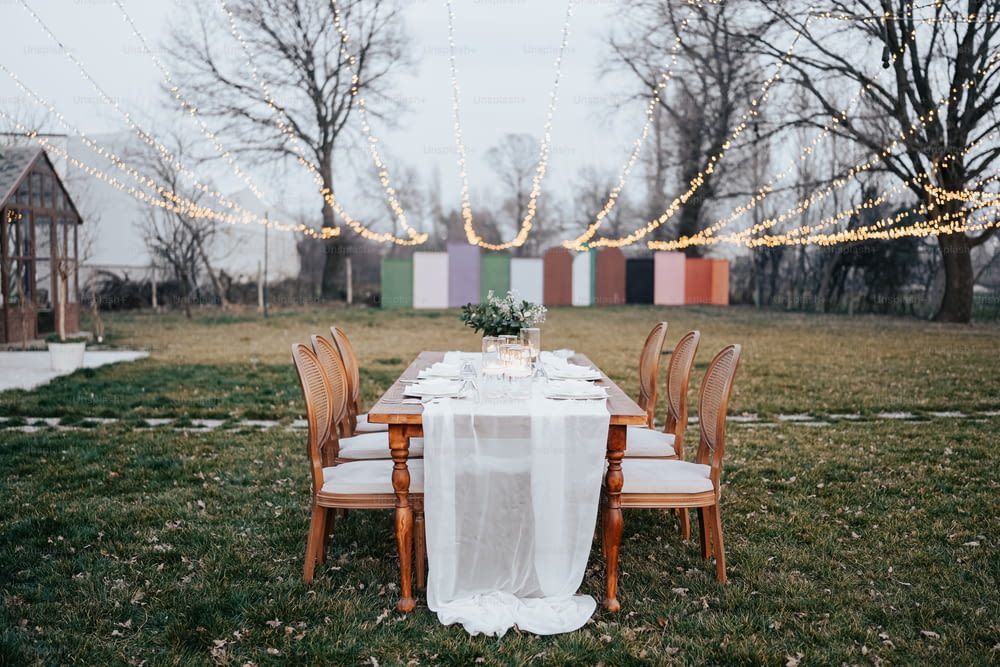 a long table with a white table cloth on it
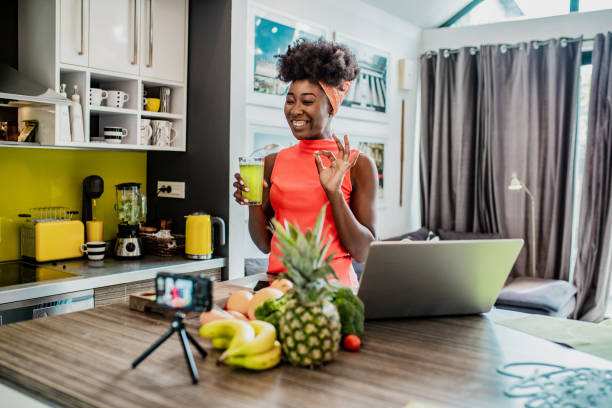 istock Female vlogger in the kitchen preparing healthy meal 1256299497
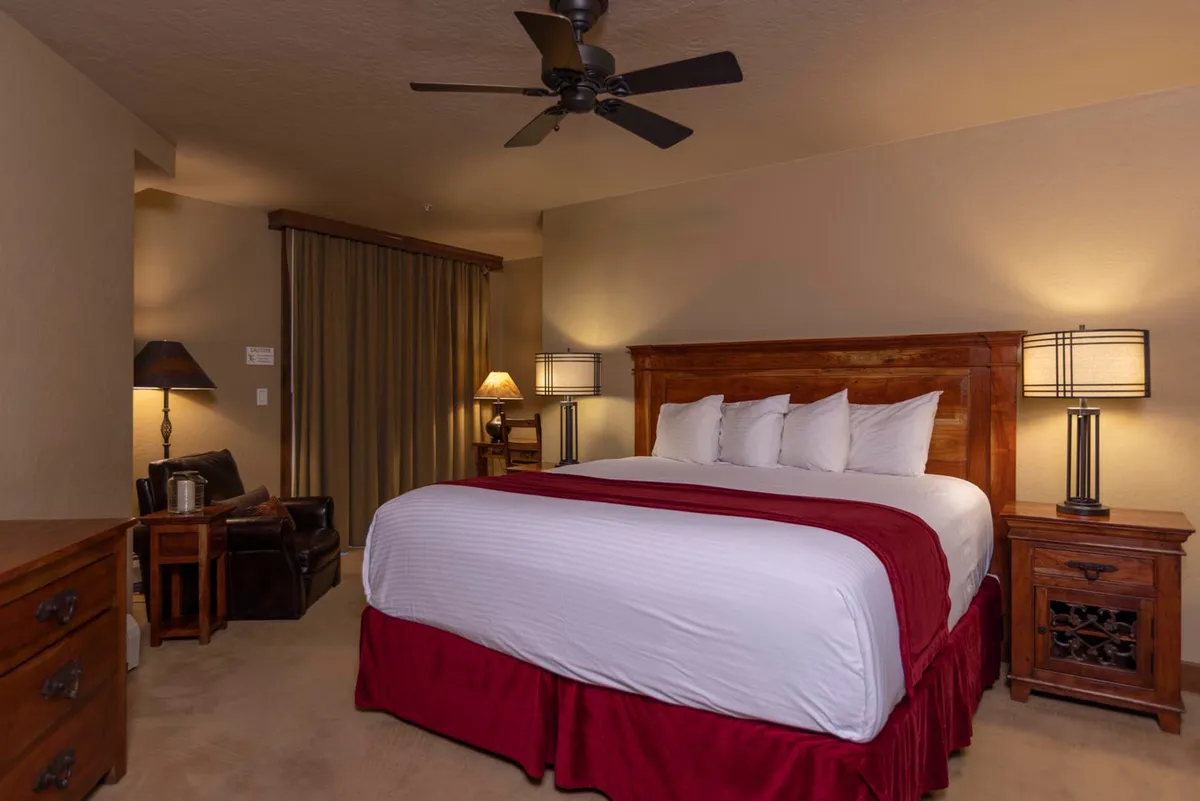 A warmly lit bedroom featuring a king-sized bed with crisp linens, flanked by matching nightstands and lamps. The soft glow creates an inviting atmosphere, emphasizing comfort and relaxation. A dresser sits at the foot of the bed, reinforcing the room's practical yet cozy design.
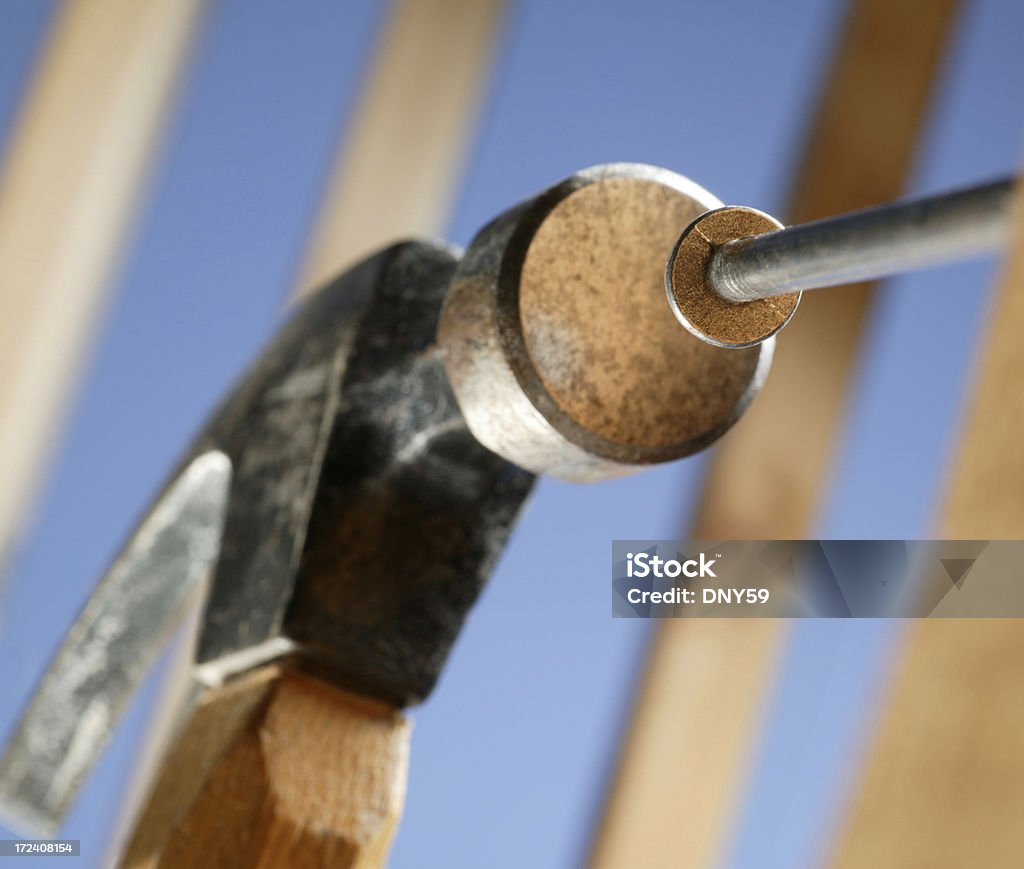 Hammer and Nail Hammer pounding nail. Construction framing in background with blue sky. Focus is on nail head Building - Activity Stock Photo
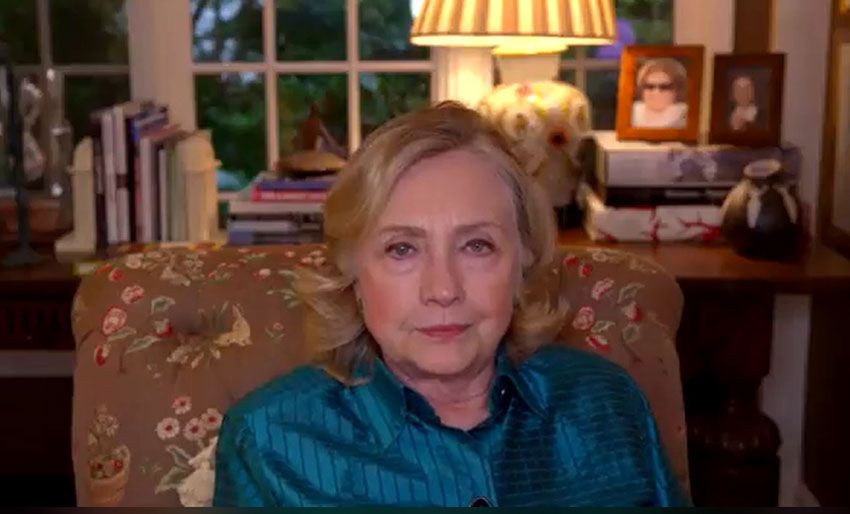 Hillary Clinton sitting at home during a webinar with the GW Rodham Institute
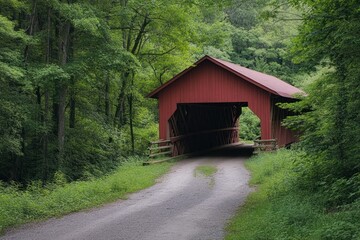 Fototapeta premium Scenic View of a Red Covered Bridge in Lush Greenery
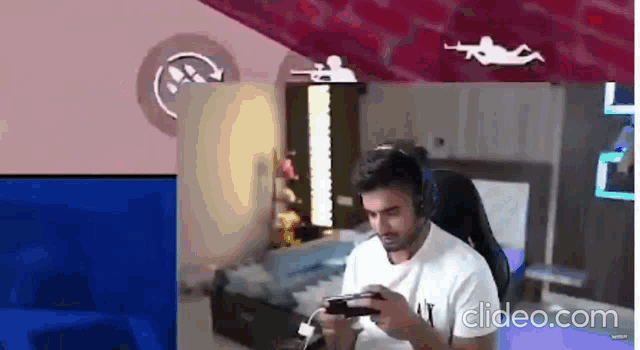 a man wearing headphones is playing a video game on a console .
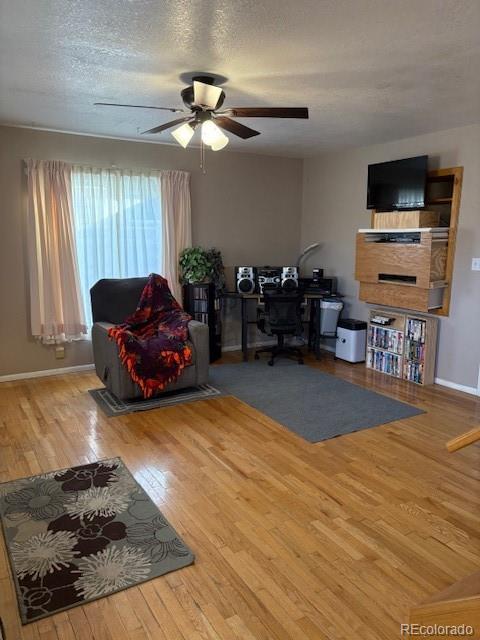 living room with a ceiling fan, a textured ceiling, baseboards, and wood finished floors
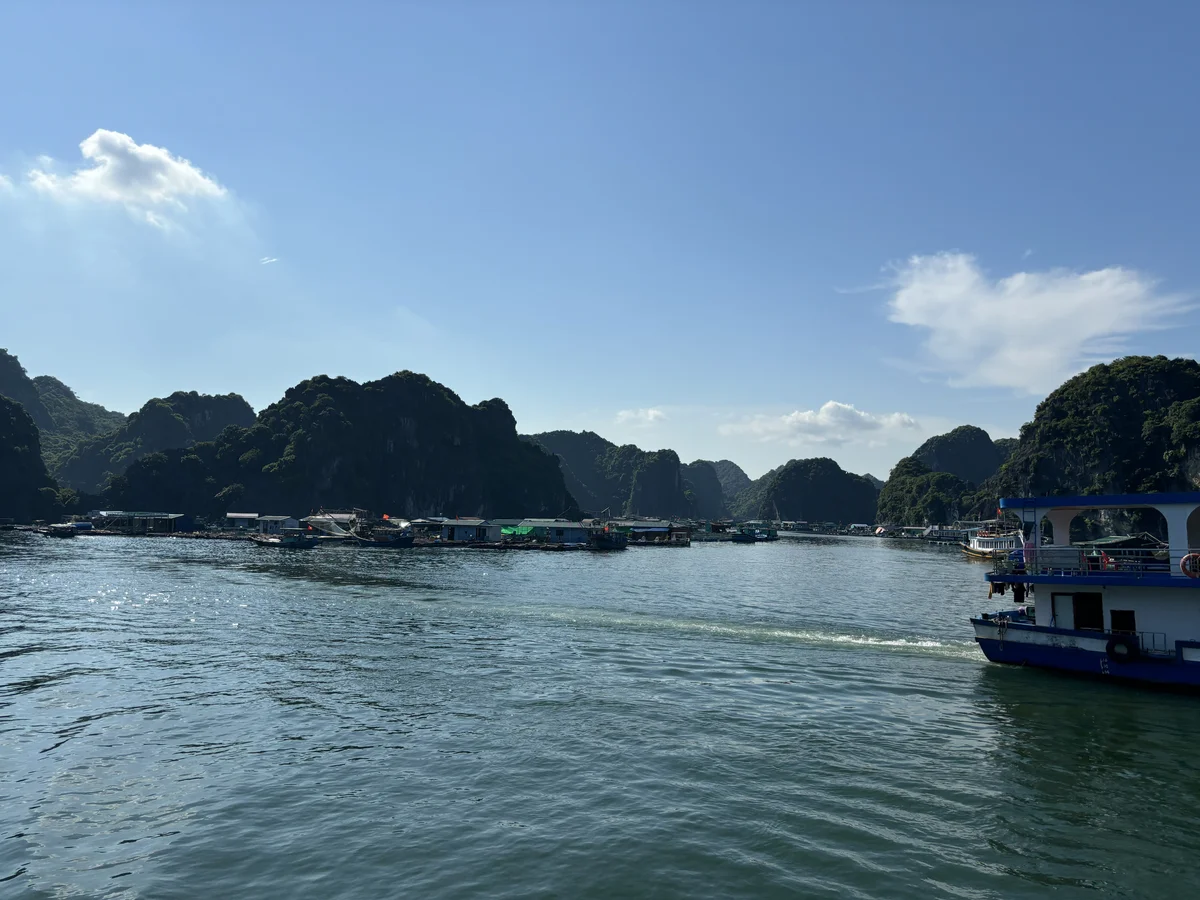 Boats on the water with islets rising out of the water on the horizon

........

=== WORK ITEM ===
Could the material above be written out again word for word, with the pictures dropped?

=== EXERCISE RESPONSE ===
 a long table with a white table cloth on it
 istock Female vlogger in the kitchen preparing healthy meal 1256299497
 A warmly lit bedroom featuring a king-sized bed with crisp linens, flanked by matching nightstands and lamps. The soft glow creates an inviting atmosphere, emphasizing comfort and relaxation. A dresser sits at the foot of the bed, reinforcing the room's practical yet cozy design.
 Hammer and Nail Hammer pounding nail. Construction framing in background with blue sky. Focus is on nail head Building - Activity Stock Photo
 Hillary Clinton sitting at home during a webinar with the GW Rodham Institute
 Fototapeta premium Scenic View of a Red Covered Bridge in Lush Greenery
 a man wearing headphones is playing a video game on a console .
 living room with a ceiling fan, a textured ceiling, baseboards, and wood finished floors
 Boats on the water with islets rising out of the water on the horizon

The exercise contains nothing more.